La seule façon d’y arriver est de tenir une conférence de toutes les organisations irlandaises engagées dans la situation au Nord. La participation substantielle des protestants est essentielle.Toutes les nuances d’opinion doivent être représentées, révolutionnaires comme réformistes, radicaux, pacifistes et militants. L’autre possiblité, ce sont encore des années de violence révolutionnaire et contre-révolutionnaire. l’IRA ne peut pas être anéantie. Ni l’UVF-UDA. Ces organisations sont trop implantées à la base pour être vaincues. L’IRA a en particulier démontré cela, elle qui malgré les pertes de ressources humaines pendant ces cinq années de guerre révolutionnaire, est capable de mener des escalades militaires à volonté. Tant qu’elle garde cette capacité, elle ne peut être vaincue, quelles que soient les nouvelles tactiques ou les nouvelles armes employées contre elle.

Par contre, si la guerre révolutionnaire doit continuer car aucune formule britannique ne peut produire une juste solution, la souffrance de la population du Nord se prolongera. C’est pour en finir pour toujours avec cette souffrance que les plus grands efforts doivent être faits pour réussir à tenir cette conférence pan-irlandaise et arriver à un accord réaliste. Une telle solution convenue entre Irlandais ne laissera d’autre option aux Britanniques de de déclarer leur intention de retirer leurs troupes à une date spécifiée. Des garanties publiques des libertés civiles et religieuses seront données aux protestants d’Ulster. Elles pourront être consignées auprès des Nations Unies, de La Haye et d’autres organismes internationaux.

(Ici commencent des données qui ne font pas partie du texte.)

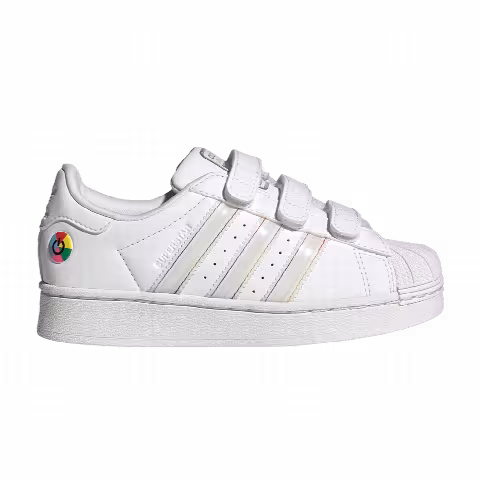 Adidas Superstar Comfort Closure C 'LED Lights Pack - White'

Il est désormais temps que cesse toute interférence, politique ou militaire, pour que le peuple irlandais puisse se réunir et convienne des compromis nécessaires à sa propre destinée. La politique d’Etat de l’ancienne Angleterre a été de nous diviser. Ce sont les ruines de cette politique qui ont causé la guerre dans le Nord. Mais l’Angleterre moderne ne doit pas chercher à corriger sa longue erreur en tentant de redessiner l’Irlande ou en exigeant de jouer un quelconque rôle dans ce nouveau dessin. Le peuple irlandais ne peut pas se permettre d’accepter de nouvelles expérimentations étrangères incompétentes sur son propre pays. Dès que les Britanniques reconnaîtront cela et partiront en paix, nos pays seront des endroits plus agréables à vivre.